С удобством разместившись на заднем сиденье «мерседеса», он велел водителю трогать и извлек из кармана пальто мобильный телефон, корпус которого был изготовлен из золота и платины и щедро украшен бриллиантами. Игрушка стоила сумасшедших денег и была напичкана мудреными функциями, которыми Сенатор, естественно, даже и не думал пользоваться. Телефон, по его разумению, должен был звонить, и точка; а что до цены, так платил Сенатор вовсе не за доступ в Интернет и прочую хрень, а за «рыжье», платину и «брюлики» — одним словом, за престиж. Точно такая же мобила, только в простом пластиковом корпусе, стоила всего-навсего три штуки баксов. И это было правильно: продукты высоких технологий дешевеют день ото дня, чего не скажешь о драгоценных металлах и камешках. Это вот и есть вечные ценности, о которых так любят талдычить разные умники, понятия не имеющие, что на самом деле означает это затертое от частого употребления словосочетание…

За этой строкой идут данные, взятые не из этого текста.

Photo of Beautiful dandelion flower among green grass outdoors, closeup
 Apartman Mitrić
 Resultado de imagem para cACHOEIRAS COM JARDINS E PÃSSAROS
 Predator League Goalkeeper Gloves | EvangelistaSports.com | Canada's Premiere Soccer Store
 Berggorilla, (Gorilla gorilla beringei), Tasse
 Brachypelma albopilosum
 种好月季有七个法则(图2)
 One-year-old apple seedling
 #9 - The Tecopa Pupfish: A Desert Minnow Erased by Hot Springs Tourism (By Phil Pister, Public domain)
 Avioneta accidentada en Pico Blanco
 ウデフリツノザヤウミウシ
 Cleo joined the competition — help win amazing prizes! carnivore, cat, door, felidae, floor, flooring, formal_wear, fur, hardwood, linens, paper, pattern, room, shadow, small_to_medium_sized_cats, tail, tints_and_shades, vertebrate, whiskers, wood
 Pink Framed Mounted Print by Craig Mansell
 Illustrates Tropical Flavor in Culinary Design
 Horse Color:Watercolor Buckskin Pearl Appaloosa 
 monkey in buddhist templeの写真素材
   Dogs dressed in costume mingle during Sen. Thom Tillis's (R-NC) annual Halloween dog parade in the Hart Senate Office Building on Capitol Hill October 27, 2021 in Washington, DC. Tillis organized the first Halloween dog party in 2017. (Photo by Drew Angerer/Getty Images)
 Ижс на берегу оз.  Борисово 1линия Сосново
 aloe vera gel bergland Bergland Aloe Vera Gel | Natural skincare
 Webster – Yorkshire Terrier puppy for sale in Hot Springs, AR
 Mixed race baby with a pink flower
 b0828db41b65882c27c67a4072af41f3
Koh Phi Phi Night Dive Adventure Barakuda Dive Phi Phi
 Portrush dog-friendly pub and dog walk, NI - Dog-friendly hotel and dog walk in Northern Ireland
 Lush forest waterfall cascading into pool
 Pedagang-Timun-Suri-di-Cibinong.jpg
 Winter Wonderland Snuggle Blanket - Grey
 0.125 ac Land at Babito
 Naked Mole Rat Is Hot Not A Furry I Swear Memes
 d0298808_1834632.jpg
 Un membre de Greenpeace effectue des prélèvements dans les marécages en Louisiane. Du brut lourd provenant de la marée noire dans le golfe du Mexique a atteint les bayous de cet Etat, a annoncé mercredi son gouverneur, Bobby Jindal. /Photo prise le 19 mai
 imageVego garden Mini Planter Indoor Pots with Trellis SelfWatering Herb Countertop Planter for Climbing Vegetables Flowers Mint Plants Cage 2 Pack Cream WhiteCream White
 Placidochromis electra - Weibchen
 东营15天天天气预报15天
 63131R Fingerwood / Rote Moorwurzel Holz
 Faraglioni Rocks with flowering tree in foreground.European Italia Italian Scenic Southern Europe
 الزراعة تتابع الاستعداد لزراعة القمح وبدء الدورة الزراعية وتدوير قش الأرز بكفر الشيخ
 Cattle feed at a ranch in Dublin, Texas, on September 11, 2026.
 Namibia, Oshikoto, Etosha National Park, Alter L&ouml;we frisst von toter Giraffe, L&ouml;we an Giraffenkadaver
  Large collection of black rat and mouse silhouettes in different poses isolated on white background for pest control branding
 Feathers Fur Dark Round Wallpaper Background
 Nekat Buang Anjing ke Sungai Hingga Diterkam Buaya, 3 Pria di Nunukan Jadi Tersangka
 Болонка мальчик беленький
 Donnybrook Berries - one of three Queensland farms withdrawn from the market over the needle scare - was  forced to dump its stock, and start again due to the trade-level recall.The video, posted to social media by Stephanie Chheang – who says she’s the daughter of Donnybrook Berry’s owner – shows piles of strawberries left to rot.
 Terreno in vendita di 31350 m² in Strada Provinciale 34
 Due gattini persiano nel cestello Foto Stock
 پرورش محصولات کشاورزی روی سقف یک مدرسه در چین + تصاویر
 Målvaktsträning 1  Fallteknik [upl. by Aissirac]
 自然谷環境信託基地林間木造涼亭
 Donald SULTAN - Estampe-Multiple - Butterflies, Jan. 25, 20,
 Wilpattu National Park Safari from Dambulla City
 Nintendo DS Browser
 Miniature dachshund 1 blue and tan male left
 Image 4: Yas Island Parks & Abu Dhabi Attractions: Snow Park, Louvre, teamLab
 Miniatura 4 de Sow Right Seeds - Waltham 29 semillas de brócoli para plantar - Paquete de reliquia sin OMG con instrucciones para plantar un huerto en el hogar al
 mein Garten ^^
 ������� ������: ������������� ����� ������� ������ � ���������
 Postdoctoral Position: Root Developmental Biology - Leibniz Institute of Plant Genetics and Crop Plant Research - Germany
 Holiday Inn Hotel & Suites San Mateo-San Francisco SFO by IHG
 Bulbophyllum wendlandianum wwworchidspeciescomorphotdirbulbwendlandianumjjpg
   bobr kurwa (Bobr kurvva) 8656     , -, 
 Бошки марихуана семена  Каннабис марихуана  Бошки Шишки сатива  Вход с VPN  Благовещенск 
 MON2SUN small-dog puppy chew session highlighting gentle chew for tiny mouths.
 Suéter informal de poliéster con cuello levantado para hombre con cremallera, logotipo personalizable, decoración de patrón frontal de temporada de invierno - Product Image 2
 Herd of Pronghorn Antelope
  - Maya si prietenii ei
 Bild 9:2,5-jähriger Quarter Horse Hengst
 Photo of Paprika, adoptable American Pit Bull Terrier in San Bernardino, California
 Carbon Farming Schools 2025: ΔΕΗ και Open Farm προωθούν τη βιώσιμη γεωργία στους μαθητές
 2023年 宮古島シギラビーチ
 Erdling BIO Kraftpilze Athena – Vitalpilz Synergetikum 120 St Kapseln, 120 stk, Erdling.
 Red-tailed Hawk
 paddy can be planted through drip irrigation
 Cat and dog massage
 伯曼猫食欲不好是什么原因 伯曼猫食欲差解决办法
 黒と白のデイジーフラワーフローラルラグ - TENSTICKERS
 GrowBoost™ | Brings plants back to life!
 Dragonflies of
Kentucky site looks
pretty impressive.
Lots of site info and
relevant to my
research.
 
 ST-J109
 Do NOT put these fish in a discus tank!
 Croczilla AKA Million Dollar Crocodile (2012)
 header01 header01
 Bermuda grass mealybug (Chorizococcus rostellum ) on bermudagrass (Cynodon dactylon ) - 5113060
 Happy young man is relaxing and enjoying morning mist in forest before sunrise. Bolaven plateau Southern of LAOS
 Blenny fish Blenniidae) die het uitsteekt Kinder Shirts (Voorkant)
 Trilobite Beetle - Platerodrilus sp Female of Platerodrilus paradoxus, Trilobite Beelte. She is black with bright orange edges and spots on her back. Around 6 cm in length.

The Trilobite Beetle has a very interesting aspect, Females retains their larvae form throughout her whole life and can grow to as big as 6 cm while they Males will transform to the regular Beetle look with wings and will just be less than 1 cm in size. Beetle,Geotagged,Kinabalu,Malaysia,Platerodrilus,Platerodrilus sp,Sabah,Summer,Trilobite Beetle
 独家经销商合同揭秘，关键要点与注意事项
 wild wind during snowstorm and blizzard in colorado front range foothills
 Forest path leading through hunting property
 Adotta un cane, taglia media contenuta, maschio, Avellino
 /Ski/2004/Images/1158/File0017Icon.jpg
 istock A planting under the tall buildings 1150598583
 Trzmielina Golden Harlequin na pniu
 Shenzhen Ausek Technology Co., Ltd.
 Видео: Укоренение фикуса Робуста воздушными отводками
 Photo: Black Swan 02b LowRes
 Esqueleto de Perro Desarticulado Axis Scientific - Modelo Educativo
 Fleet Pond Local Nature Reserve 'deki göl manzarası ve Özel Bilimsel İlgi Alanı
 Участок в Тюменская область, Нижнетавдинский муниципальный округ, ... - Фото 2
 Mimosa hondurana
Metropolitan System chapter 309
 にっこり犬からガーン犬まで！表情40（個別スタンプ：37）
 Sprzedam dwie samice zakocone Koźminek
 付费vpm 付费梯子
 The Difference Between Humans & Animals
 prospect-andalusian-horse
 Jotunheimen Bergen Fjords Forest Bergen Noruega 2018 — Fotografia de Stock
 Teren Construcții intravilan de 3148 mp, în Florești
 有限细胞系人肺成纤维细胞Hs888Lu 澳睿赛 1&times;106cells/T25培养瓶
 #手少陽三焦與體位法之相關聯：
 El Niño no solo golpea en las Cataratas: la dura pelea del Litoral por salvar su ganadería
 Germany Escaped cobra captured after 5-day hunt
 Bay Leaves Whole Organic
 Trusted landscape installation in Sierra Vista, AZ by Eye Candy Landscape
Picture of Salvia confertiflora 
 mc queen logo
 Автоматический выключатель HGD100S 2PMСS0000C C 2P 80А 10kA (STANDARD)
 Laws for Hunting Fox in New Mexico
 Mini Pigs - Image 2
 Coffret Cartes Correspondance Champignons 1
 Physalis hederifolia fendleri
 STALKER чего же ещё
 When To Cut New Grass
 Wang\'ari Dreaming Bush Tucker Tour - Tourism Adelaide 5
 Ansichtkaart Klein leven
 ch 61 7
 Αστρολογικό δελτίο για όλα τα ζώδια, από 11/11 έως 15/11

Одним нажатием клавиши вызвав из объемистой памяти аппарата нужный номер, Сенатор откинулся на спинку сиденья и, равнодушно глядя в окно роскошного автомобиля на проносящиеся мимо грязные улицы столицы, стал слушать гудки.

Ответили ему быстро, да он ничего иного и не ожидал — у абонента, надо думать, на его номер был выставлен специальный рингтон, услыхав который абонент должен был бросить все свои так называемые дела и схватить трубку так поспешно, как если бы от этого зависела его жизнь. То есть что значит «если бы»? Вот именно, что зависела — и в прямом, и в переносном смысле…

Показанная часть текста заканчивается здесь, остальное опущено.